Petraeus: Afghanistan fight to shift eastward
Monday, July 4, 2011
KABUL, Afghanistan (AP) — The outgoing commander of U.S. and NATO forces in Afghanistan said Monday that the focus of the war will shift in coming months from Taliban strongholds in the south to the eastern border with Pakistan where insurgents closest to al-Qaida and other militants hold sway.
On his last Fourth of July in uniform before becoming the new CIA director, Gen. David Petraeus said that come fall, more special forces, intelligence, surveillance, air power will be concentrated in areas along Afghanistan’s rugged eastern border with Pakistan. There will be substantially more Afghan boots on the ground in the east and perhaps a small number of extra coalition forces too.

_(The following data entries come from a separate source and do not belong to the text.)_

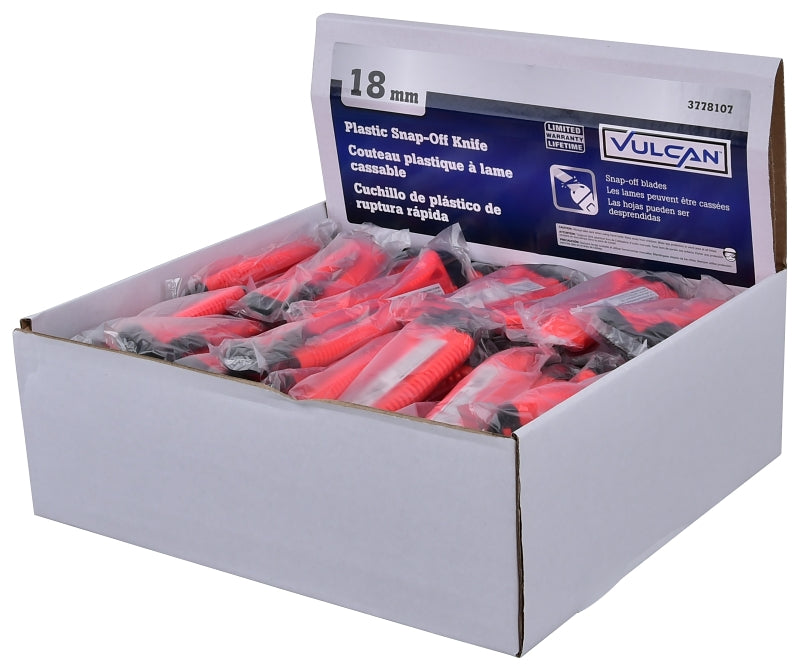 Vulcan JL-54306-D Snap-Off Utility Knife, 4-1/2 in L Blade, Steel Blade, Plastic Handle, High-Impact Plastic Handle, Pack of 100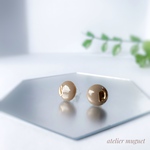 ピアス ∞✴︎color drop✴︎∞ ココア( スタッドピアス サージカルステンレス 樹脂 ノンホールピアス ) パーツ変更可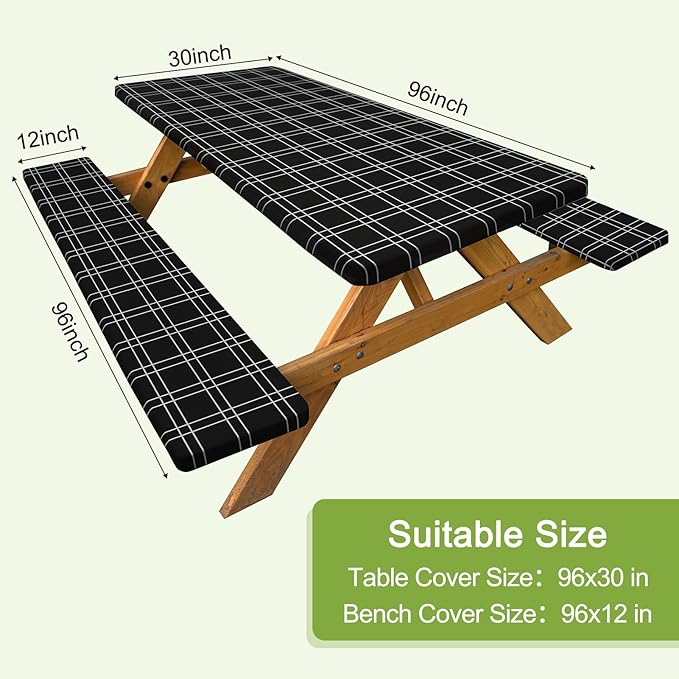 Picnic Table Cover with Bench Covers Camping Tablecloth with Storage Bag Windproof Waterproof Picnic Table Covers with Elastic for Camping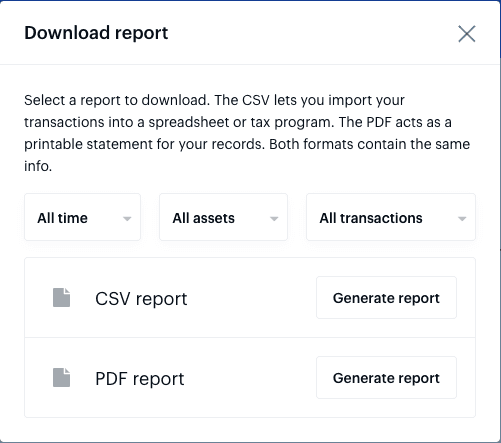 Coinbase CSV export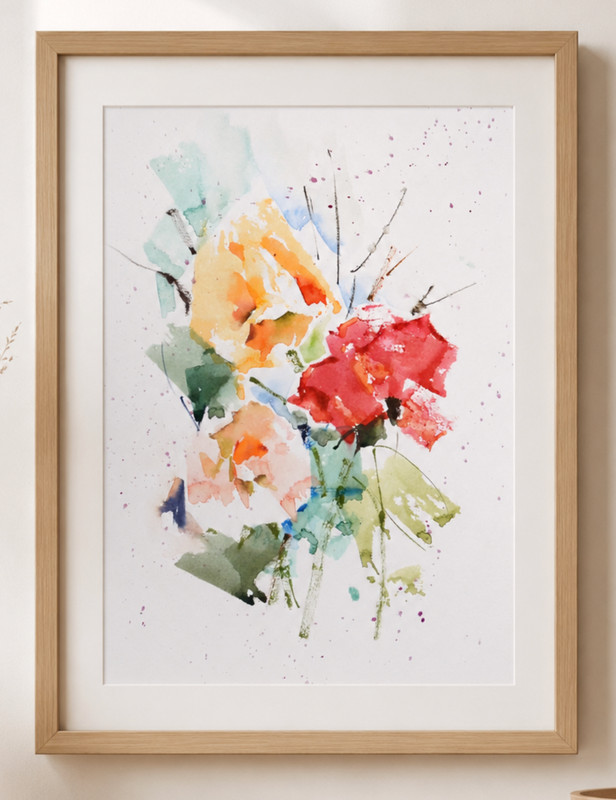 EUNOR | Original Abstract Floral Bouquet Watercolor Painting | Signed OOAK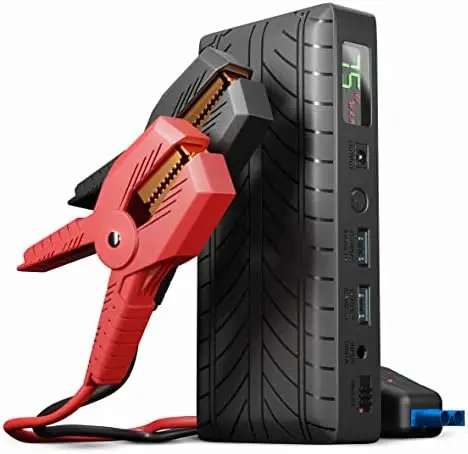 

Jump Starter Box, 12V Lithium Battery Car Charger, To Start and Charge. Compact Emergency USB Power Bank Auto Booster Power Pack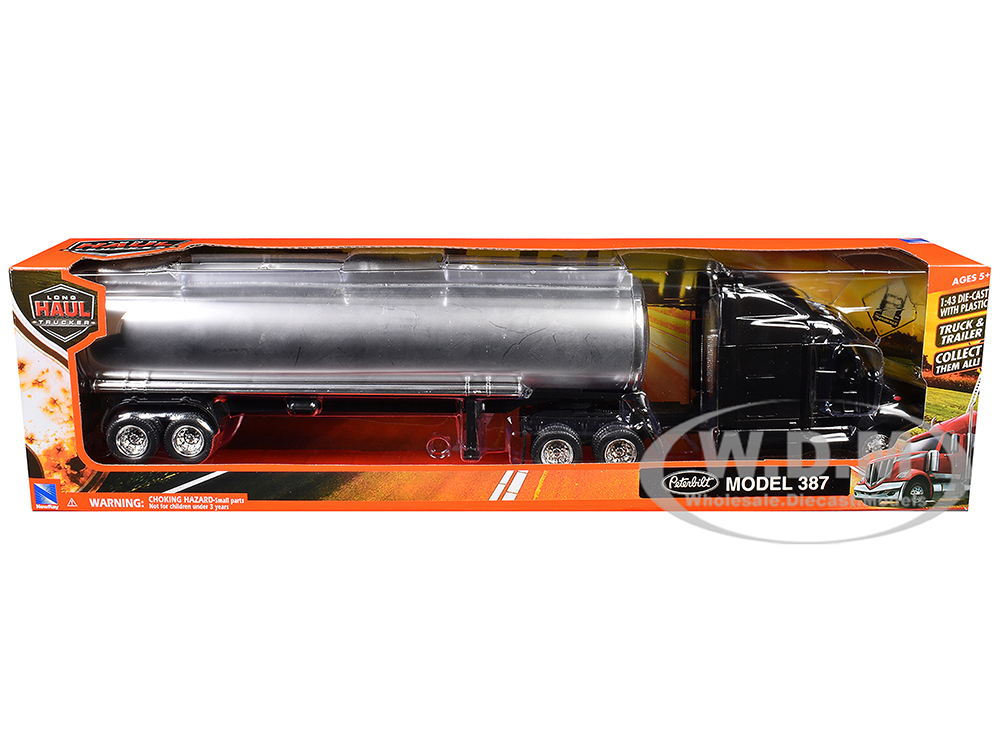 Peterbilt 387 Truck Black with Tanker Trailer Silver 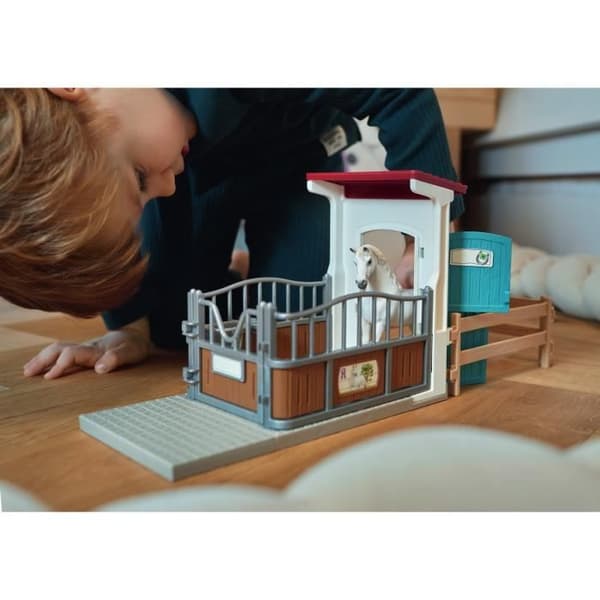 Box med engelsk fullblodshingst, Förlängning för Schleich-stall för barn, Schleich 42569 HORSE CLUB, från 5 år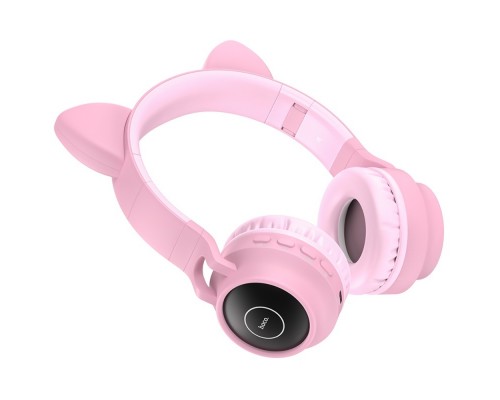 Беспроводные накладные наушники Hoco W27 Cat ear розовые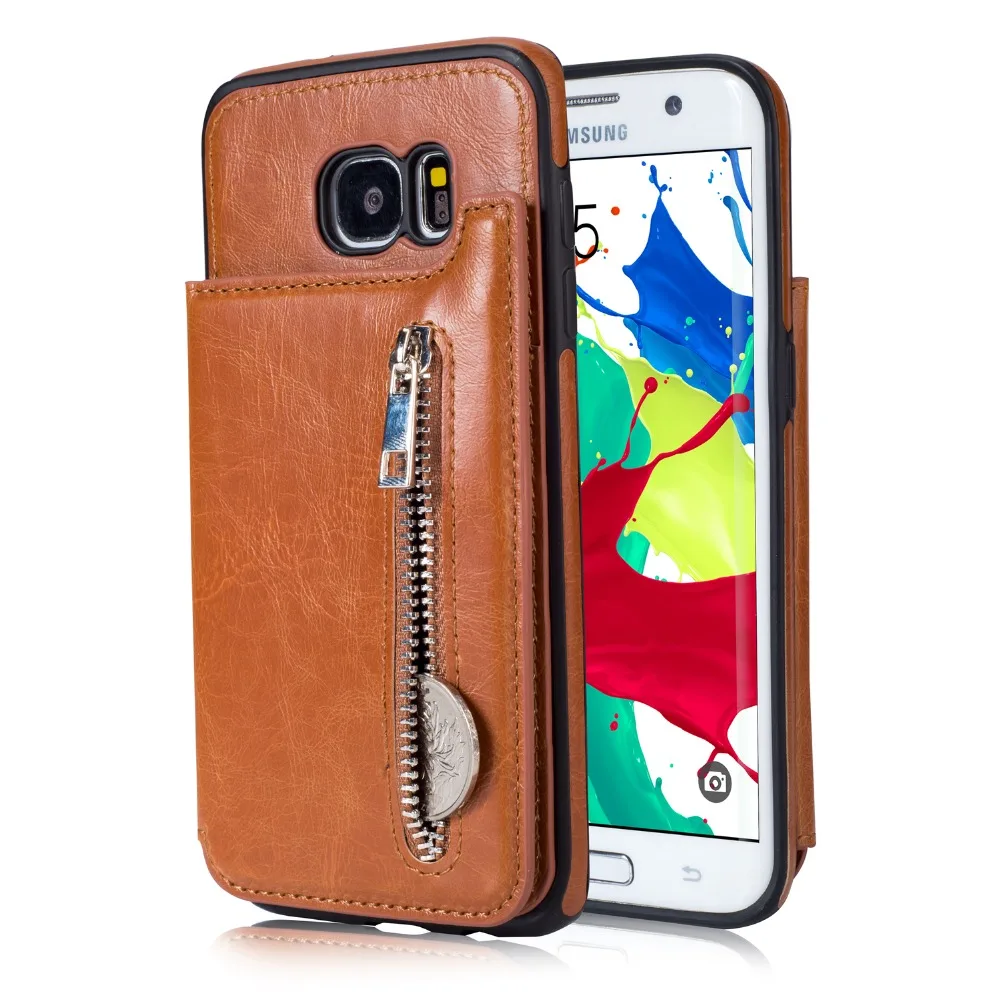 

Crazy Horse Leather Zipper Flip Card Slot Wallet Cover For SAMSUNG Galaxy S8 S9 S10 Plus J3 J5 J7 A6 A7 Note 8 9 Coin Purse Case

“There could be some small (coalition) forces that will move, but this is about shifting helicopters — lift and attack. It’s about shifting close-air support. It’s about shifting, above all, intelligence, surveillance and recognizance assets,” he said in interviews with The Associated Press and three other news outlets.
The U.S.-led coalition has concentrated most of its troops and attention in Helmand and Kandahar provinces in southern Afghanistan. That’s where the majority of the more than 30,000 U.S. reinforcements were deployed last year. They have made gains in clearing the territory and now are trying to hold it as the Afghan authorities and international donors rush in with plans for development and better governance.
However, the civilian effort in the south has lagged behind the progress on the battlefield and the fight continues.
According to an Associated Press tally, 26 of the 65 international troops, including Americans, who died in Afghanistan last month, were killed in Helmand where the coalition is now pushing north into other hotbeds of insurgents.
Five others were killed in neighboring Kandahar, the birthplace of the Taliban insurgency.
“The priority has been central Helmand province and Kandahar,” Petraeus said. “We have made significant progress there. ... It remains a tough fight because the enemy wants to come back and try to regain the momentum the Taliban had until we took it away sometime last fall.”
“We intend to hang on to those areas and solidify that progress and transition, increasingly, to a greater Afghan presence.”